Не хочет вставать. Ноги отказываются идти. У него там рана на ране. И кулаки поднимали на вилы, и финны стреляли пулями, и немцы осколками рвали. Я тоже в сопоставимые годы не шибким-то был марафонцем. Ох, и крутило на непогоду мою ходовую! Нет,
нас, стариков, время не лечит, а учит беречь силы. Впрочем, какой я сейчас старик? - только душой...
- А ведь правду сказал мальчонка, спадает вода, - кто-то из взрослых не выдержал, сходил на дорогу. - Наша взяла, мужики!

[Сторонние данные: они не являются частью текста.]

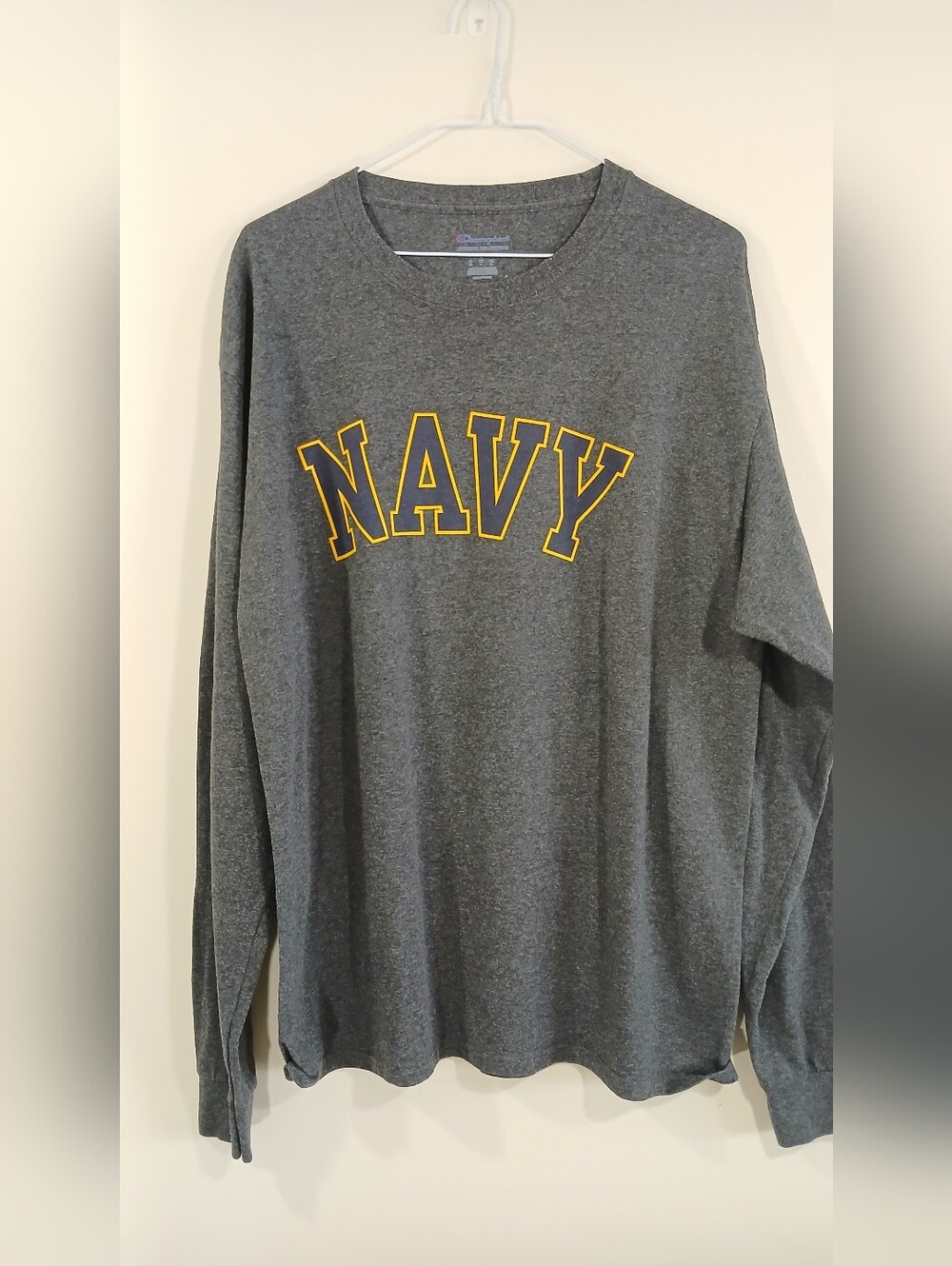 Champion 'NAVY' Long Sleeve Graphic Crew Neck Tee Size Large Gray Athletic Shirt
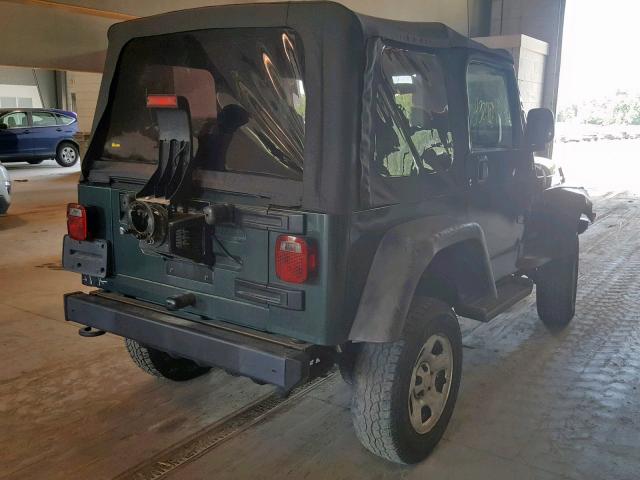 1J4FA39S04P758196 - 2004 JEEP WRANGLER X GREEN photo 4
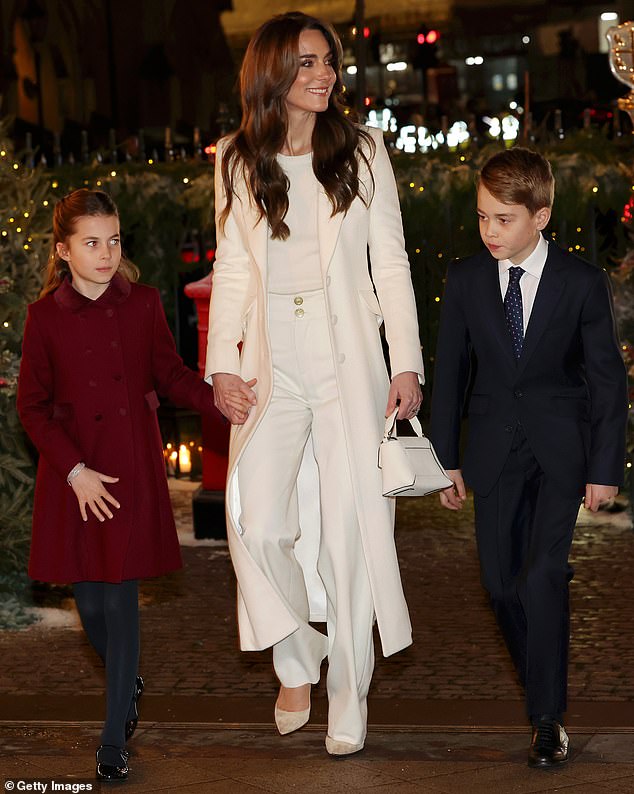 Princess Charlotte and Prince George joined their mother at the service, which is supported by The Royal Foundation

Дед встает, тяжело опираясь на штыковую лопату:
- Пошли, Сашка, домой. Отвоевались!
Река будет отступать по три сантиметра в час, и успокоится в русле ближе к утру, когда стая голодных ворон закружится над островком, вылавливая из луж зазевавшихся пескарей. За водой для питья придется ходить к железной дороге. Там, за железным баком, у смотровой ямы, стоит технический кран. С него навсегда снимут ручку, когда в нашем депо не останется ни одного паровоза.
"Всему свое время, и время каждой вещи под солнцем".
А солнце еще не село. После ужина, всех мужиков с Железнодорожной улицы опять ожидает аврал. Нужно будет убрать с обочин мешки с песком, кое-где выровнять грунт, да привести в порядок дворы, где живут одни вдовы.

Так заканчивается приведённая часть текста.